This seminar is organised by the Oxford Institute of Population Ageing.
In this talk, Dr Marco Springmann will discuss two ways of linking climate change, agriculture and human health. In each case, food consumption is the central element. First, climate change can impact agriculture through changes in yields, which in turn affects food consumption through changes in supply, and human health through changes in dietary risk factors. Second, changes in food consumption that are brought about by changes in food environments and incentives can impact agricultural production through changes in demand, which in turn affect agriculture’s impact on climate change. Dr Springmann will illustrate each pathway with global modelling studies that connect environmental assessments with comparative risk analyses of non-communicable disease mortality. The abstracts of each study are appended below.

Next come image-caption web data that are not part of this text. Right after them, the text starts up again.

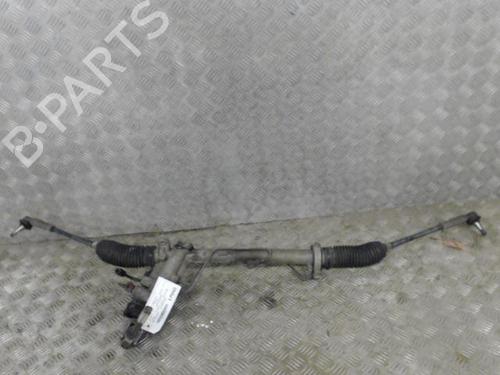 Used Steering rack SEAT IBIZA IV (6J5, 6P1) 1.4 TDI (80 hp) 26705419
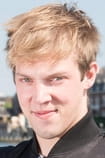 Filmek a színésszel Thomas Masin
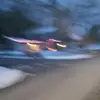 >? ;|[[|= - @isabelleray3 - TikTok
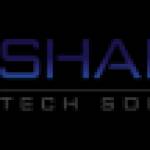 shamla tech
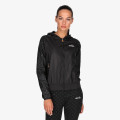 Ellesse Jacheta LADIES FULL ZIP 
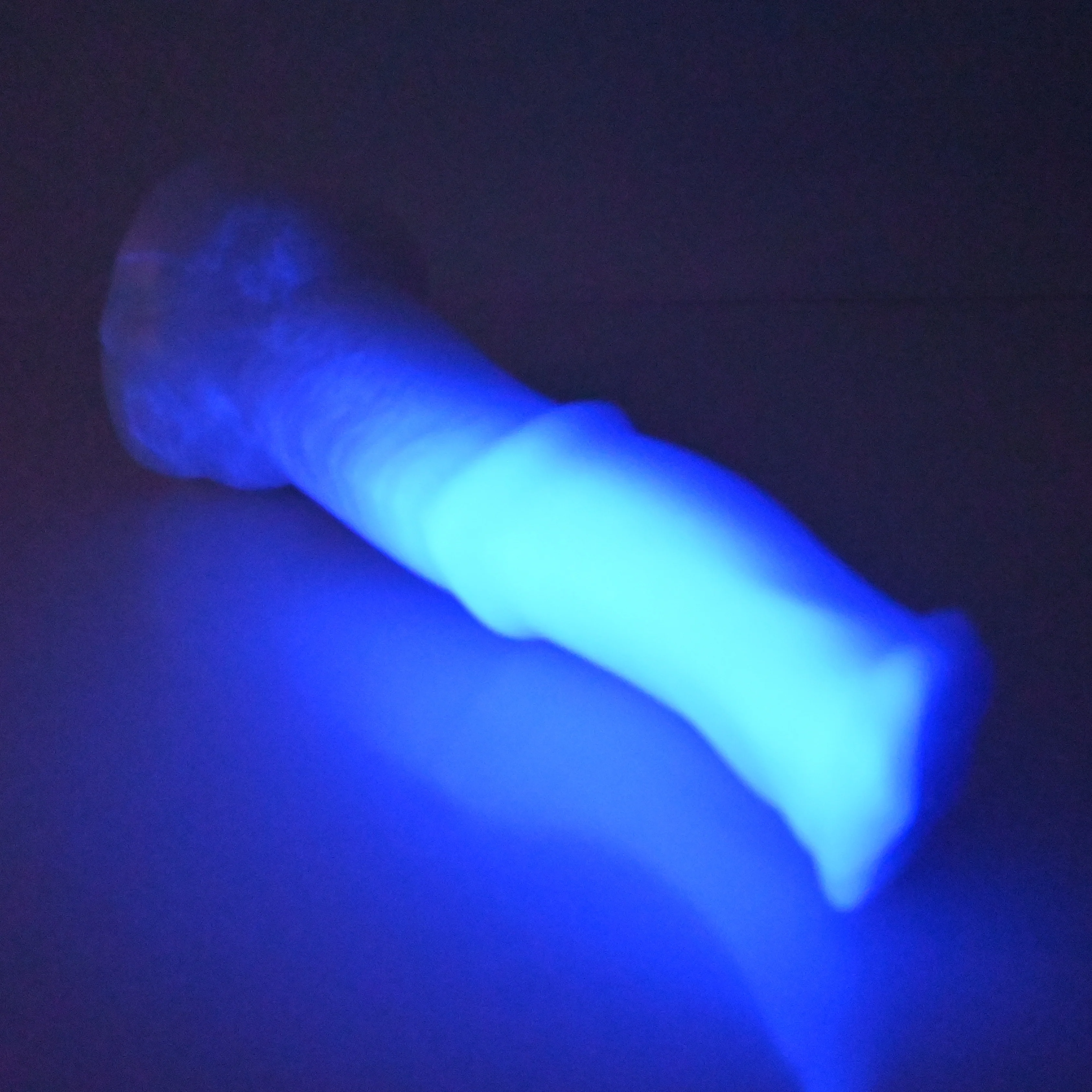 K4MFE12 Kitalpha Large 0050 UV GITD - Image 4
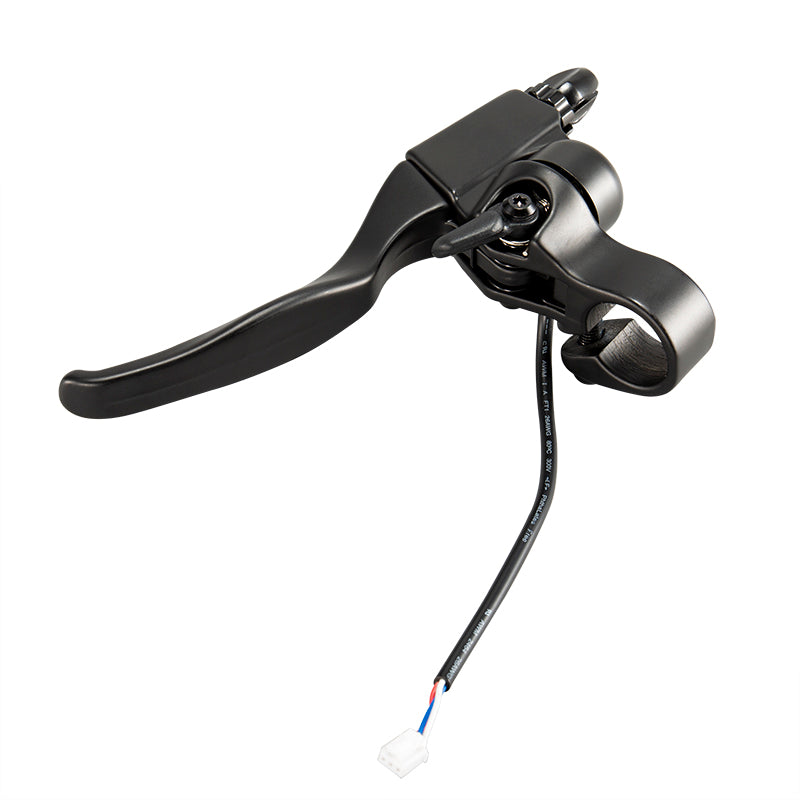 Brake Lever for V8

Information about the formal seminar series can be found here: http://www.ageing.ox.ac.uk/events/view/336
All welcome. Registration not required. Coffee and cake after the seminar.
For more information please see: www.ageing.ox.ac.uk
About the speaker
Dr Marco Springmann (James Martin Fellow, Oxford Martin Programme on the Future of Food) is currently working together with researchers from the Nuffield Department of Population Health, the Department of International Development, and the Environmental Change Institute, in developing an integrated model of environmental sustainability, health, and economic development. The aim of the project is to systematically assess the impacts of climate change, economic development and changing dietary habits on the global food system, and to analyse the effects of current and future policy approaches.